La touche sankariste du régime Kaboré

Les images ont fait le tour du monde. Les poings levés et scandant « la patrie ou la mort », à la mémoire du père de la Révolution, Thomas Sankara, les Burkinabè ont fait tomber le régime Compaoré, en octobre 2014. Depuis, promesse leur avait été faite que « plus rien ne sera comme avant ». Le pays est certes loin des comptes de cette promesse, mais au fil des ans, des faits, signes et actes montrent de plus en plus que l’orientation sankariste refait surface dans notre pays. En effet, au-delà des « avancées » judiciaires dans le dossier Sankara, de la réalisation du Mémorial Sankara et de la construction de plusieurs statues à son effigie dans de nombreuses villes du pays, le gouvernement burkinabè vient de baptiser l’université Ouaga II « Université Thomas-Sankara », par décision prise en conseil des ministres, le mercredi 22 juillet 2020. Cet acte courageux, plein de noblesse et de reconnaissance envers le père de la révolution d’août 1983 est d’une grande importance dans la réhabilitation de sa mémoire. Dans le fond et contrairement à la Rectification et la démocratie qui s’en est suivie, effaçant toutes les traces de l’œuvre de Sankara, l’après-insurrection crée progressivement les conditions de « résurrection » de l’homme. Ce printemps des idéaux du président Sankara est à mettre à l’actif de trois principales entités. D’abord, le peuple burkinabè. « Tuez Sankara et des milliers de Sankara naîtront », avait prédit le père de la Révolution. Sans risque de se tromper, des milliers, voire des millions de Sankara sont nés et ont même grandi au Burkina Faso, en Afrique et à travers le monde. De plus en plus, les T-shirts à l’effigie du panafricaniste se rencontrent dans tous les pays du monde, en plus des salles de conférence, de cinéma et de monuments qui portent son nom. Peut-on dissocier le goût de plus en plus prononcé du Burkinabè pour les mets locaux et le Faso dan fani du « Produisons ce que nous consommons et consommons ce que nous produisons », cher au révolutionnaire ? A l’évidence, non !
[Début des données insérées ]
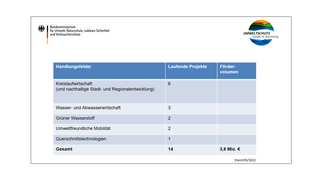 Handlungsfelder in Afrika: Kreislaufwirtschaft und nachhaltige Stadt- und Regionalentwicklung (6 Projekte), Wasser- und Abwasserwirtschaft (3 Projekte), grüner Wasserstoff (2 Projekte), umweltfreundliche Mobilität (2 Projekte), Querschnittstechnologien (1 Projekt); gesamtes Fördervolumen 3,6 Mio. Euro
Il faut ensuite reconnaitre que depuis son arrivée au pouvoir, l’administration du président Roch Marc Christian Kaboré a su intégrer dans son action politique, une vision sankariste. A titre d’exemple, le chef de l’Etat qui s’habille quasi-quotidiennement en Faso dan fani, a « enchaîné » avec l’habitude qu’avait son prédécesseur, Yacouba Isaac Zida puisque le pagne traditionnel burkinabè avait été surnommé « Qui n’est pas Yacouba Isaac Zida ?». L’instauration de la Journée de l’arbre et du Salon de l’élevage du Burkina Faso (SABEL) et bien d’autres actions ont fini de convaincre que 30 ans plus tard, les orientations du révolutionnaire prennent de plus en plus forme.
La troisième entité est l’œuvre des Sankaristes et surtout celle de l’Union pour la renaissance/Parti sankariste (UNIR/PS). A défaut d’avoir conquis lui-même le pouvoir d’Etat, le parti de « l’œuf » qui a rejoint la majorité présidentielle en 2016 pousse subtilement ses pions. Et pour cause, même si le Mouvement du peuple pour le progrès (MPP) du président Kaboré est le parti au pouvoir, il faut reconnaître que des actions comme la conception des statues de Sankara, la promotion des mets locaux et du Faso dan fani, l’initiative et l’organisation de la Journée de l’arbre et du SABEL, sont pilotés par des départements ministériels gérés par l’UNIR/PS, notamment le ministère en charge de l’élevage, et celui de l’environnement. Il s’agit là d’actions fortes qui étaient partie intégrante de l’orientation politique de la révolution que l’UNIR/PS contribue à mettre en œuvre avec la « bénédiction » du régime Kaboré.
Loin de circonscrire cette percée de l’idéologie sankariste à ces trois entités (parce qu’elle est à mettre à l’actif de tous), il faut reconnaître que d’importantes victoires d’étape ont été engrangées en cinq ans. Il reste à espérer plusieurs autres pour faire briller encore plus les idéaux du président Thomas Sankara au profit de la jeune génération et du développement harmonieux du Burkina Faso.